Source data:
============

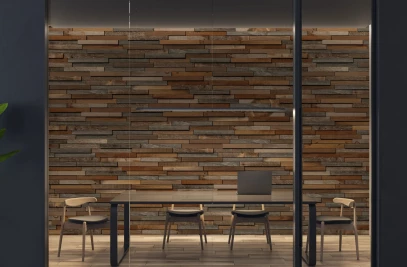 Woodwöl—Stacked Buckskin Mosaic Wood Wall Tile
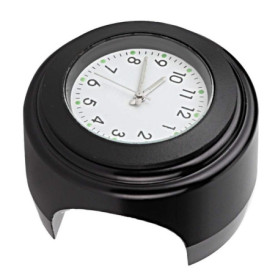 KSTE Montre Moto, Modification Moto Support de Guidon étanche Horloge à Quartz Montre (Cadran Blanc de Surface Noir)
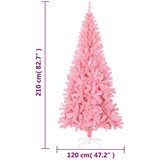  Umjetno božićno drvce sa stalkom ružičasto 210 cm PVC | shoptok.hr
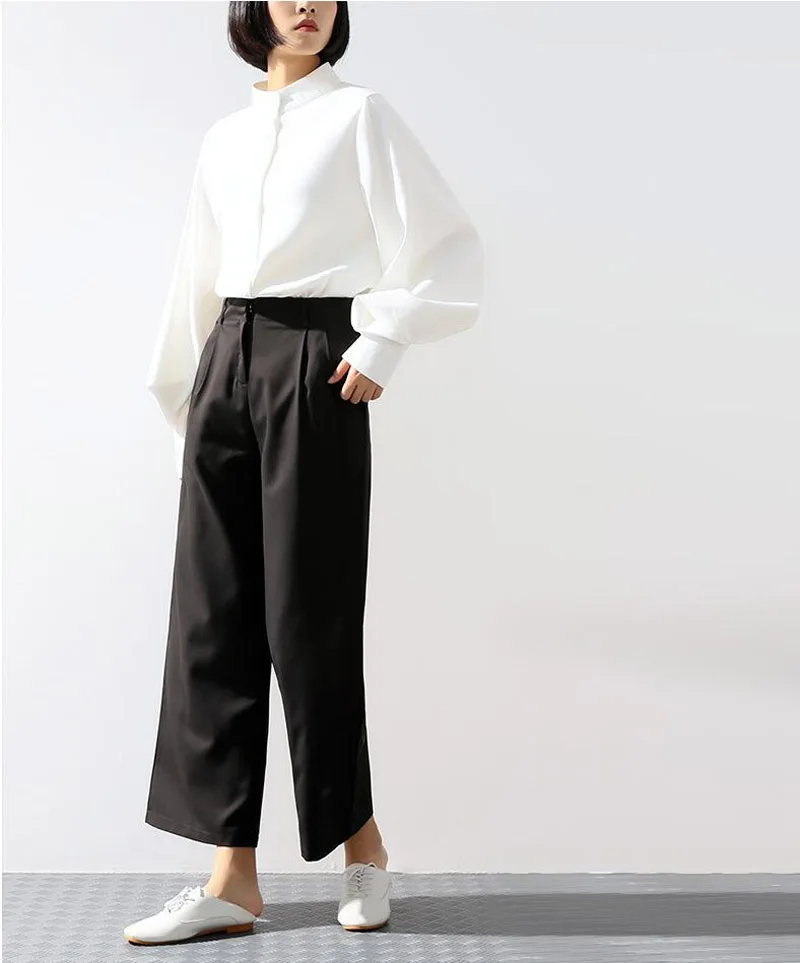 Long Wide Lantern Sleeve Blouse Women Tops and Blouses Vintage Stand Collar Button Down Shirts Female 2019 Spring Fashion Tops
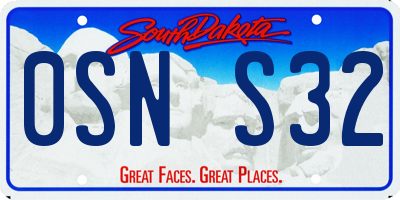 SD license plate 0SNS32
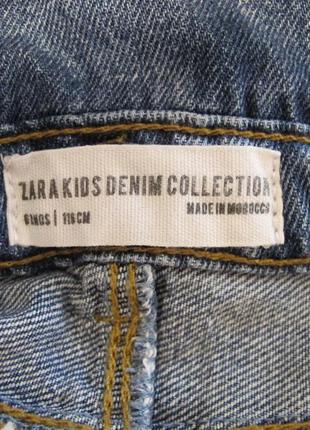 Фирменный натуральный коттоновый джинсовый комбинезон ромпер зара zara 116 см 6 лет2 фото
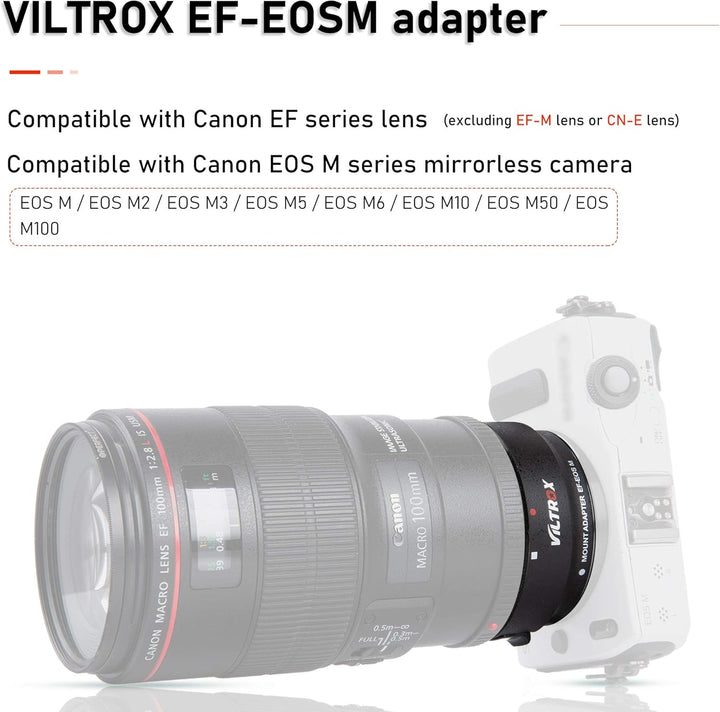 VILTROX EF-EOS M-Mount-Kamera-Adapter, Autofokus-Objektiv-Konverter Ring, EF-M Objektivadapter kompa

============

Beginning with the line that includes "KSTE Montre Moto, Modification" and ending with the last line of the material, reproduce those lines exactly and nothing else, with no pictures.

Task output:
 KSTE Montre Moto, Modification Moto Support de Guidon étanche Horloge à Quartz Montre (Cadran Blanc de Surface Noir)
  Umjetno božićno drvce sa stalkom ružičasto 210 cm PVC | shoptok.hr
 Long Wide Lantern Sleeve Blouse Women Tops and Blouses Vintage Stand Collar Button Down Shirts Female 2019 Spring Fashion Tops
 SD license plate 0SNS32
 Фирменный натуральный коттоновый джинсовый комбинезон ромпер зара zara 116 см 6 лет2 фото
 VILTROX EF-EOS M-Mount-Kamera-Adapter, Autofokus-Objektiv-Konverter Ring, EF-M Objektivadapter kompa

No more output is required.